* _Task instructions_: Take the entries below and reproduce exactly the portion that begins at the line containing "Obraz na płótnie - kobieta, róża, portret" and ends at the line containing "Apple iPhone Xs", keeping both ends, dropping pictures, and adding nothing else.

* _Material for this exercise_:
=== Section Start ===

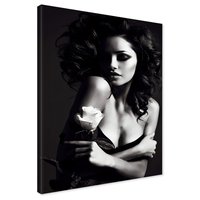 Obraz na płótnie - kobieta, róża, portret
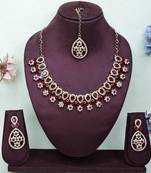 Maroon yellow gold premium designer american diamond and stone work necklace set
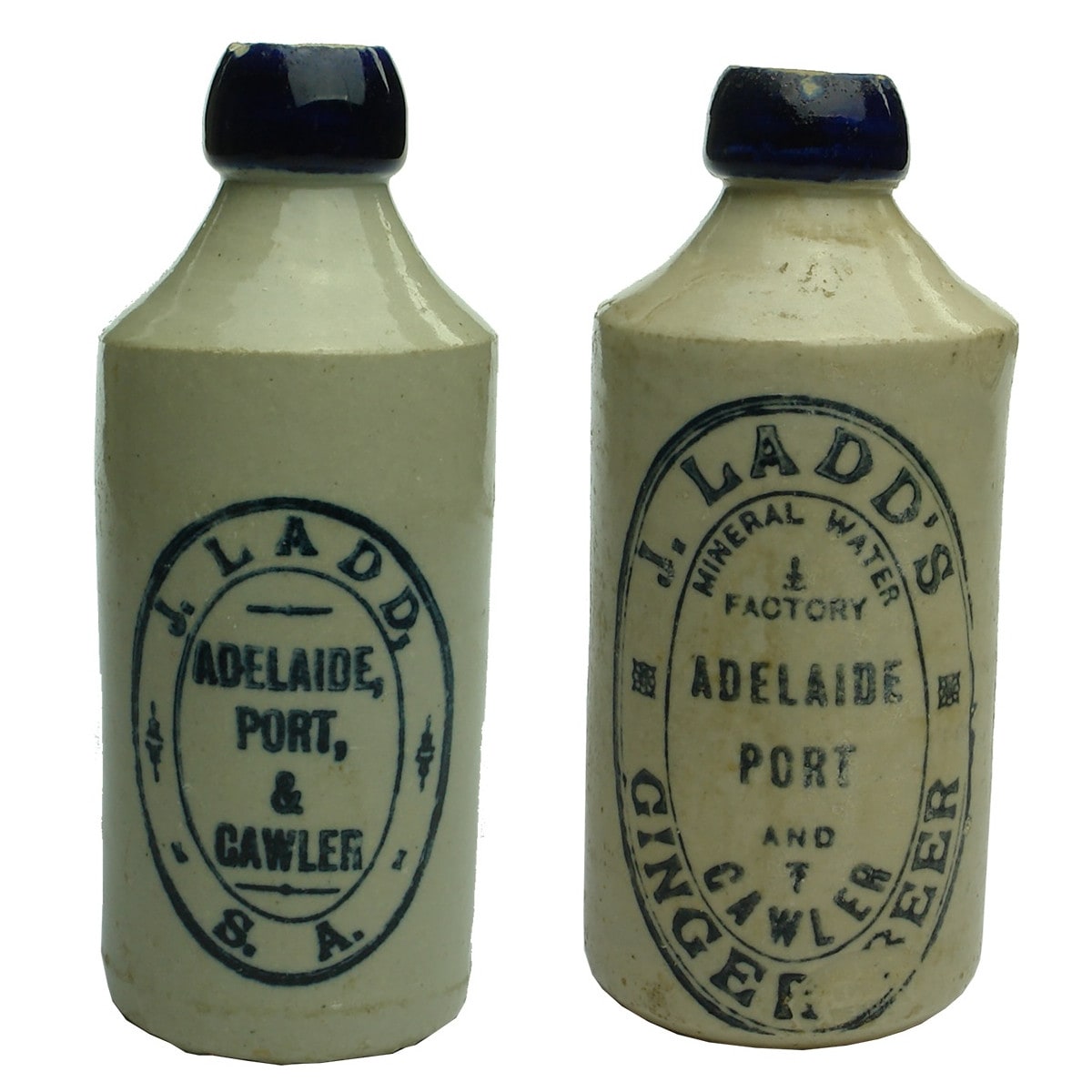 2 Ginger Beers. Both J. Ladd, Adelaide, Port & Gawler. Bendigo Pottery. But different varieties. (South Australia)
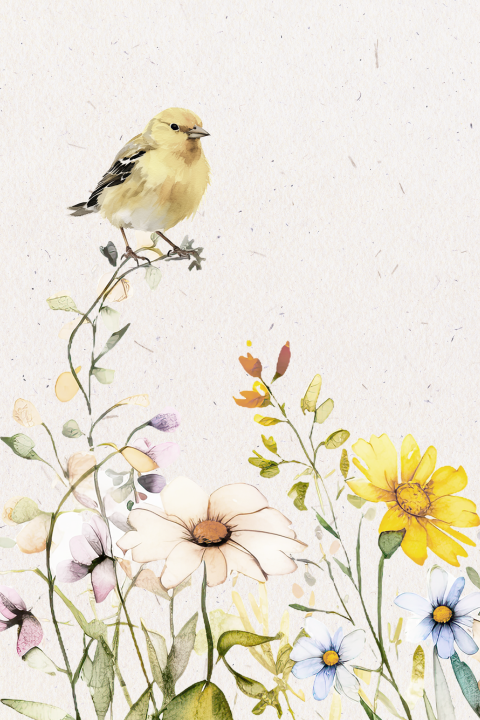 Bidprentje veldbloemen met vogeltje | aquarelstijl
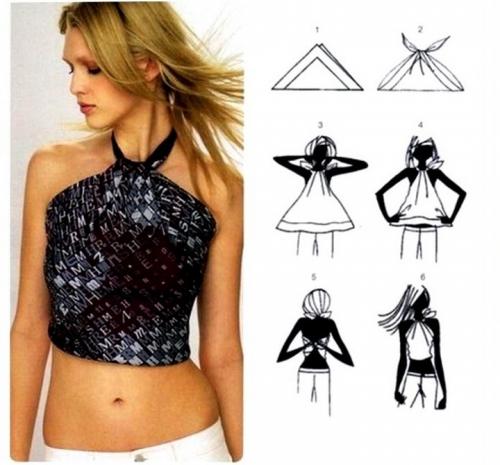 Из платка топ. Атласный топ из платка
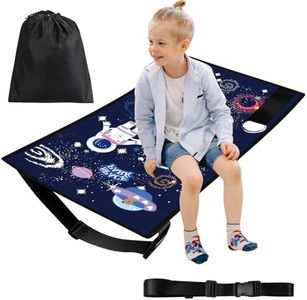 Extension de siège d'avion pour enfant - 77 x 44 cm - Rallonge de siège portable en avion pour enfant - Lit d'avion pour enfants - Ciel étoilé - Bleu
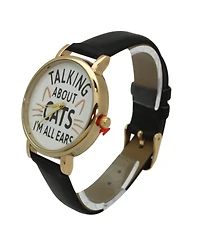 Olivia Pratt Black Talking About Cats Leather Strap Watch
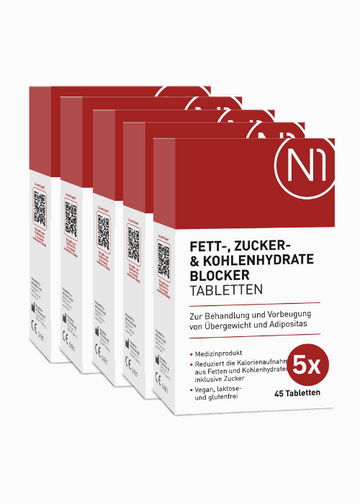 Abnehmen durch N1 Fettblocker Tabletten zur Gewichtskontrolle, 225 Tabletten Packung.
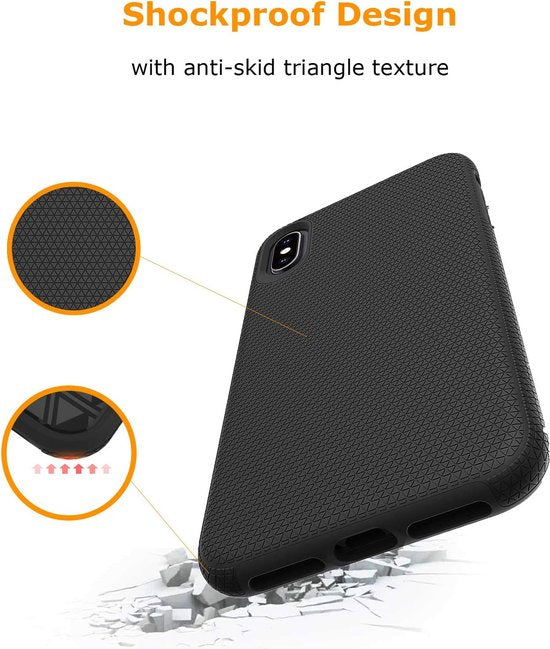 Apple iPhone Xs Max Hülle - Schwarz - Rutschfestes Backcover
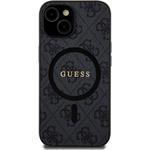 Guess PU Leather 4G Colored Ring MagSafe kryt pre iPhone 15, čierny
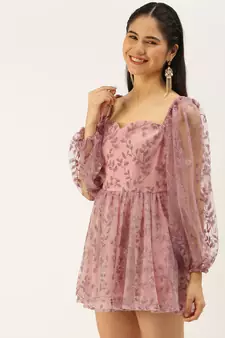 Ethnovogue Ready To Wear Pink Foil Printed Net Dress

=== Section End ===
=== Section Start ===

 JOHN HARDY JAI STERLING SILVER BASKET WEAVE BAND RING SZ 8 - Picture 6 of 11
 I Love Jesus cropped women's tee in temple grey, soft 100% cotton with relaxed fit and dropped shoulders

=== Section End ===

* _Answer for the task_:
 Obraz na płótnie - kobieta, róża, portret
 Maroon yellow gold premium designer american diamond and stone work necklace set
 2 Ginger Beers. Both J. Ladd, Adelaide, Port & Gawler. Bendigo Pottery. But different varieties. (South Australia)
 Bidprentje veldbloemen met vogeltje | aquarelstijl
 Из платка топ. Атласный топ из платка
 Extension de siège d'avion pour enfant - 77 x 44 cm - Rallonge de siège portable en avion pour enfant - Lit d'avion pour enfants - Ciel étoilé - Bleu
 Olivia Pratt Black Talking About Cats Leather Strap Watch
 Abnehmen durch N1 Fettblocker Tabletten zur Gewichtskontrolle, 225 Tabletten Packung.
 Apple iPhone Xs Max Hülle - Schwarz - Rutschfestes Backcover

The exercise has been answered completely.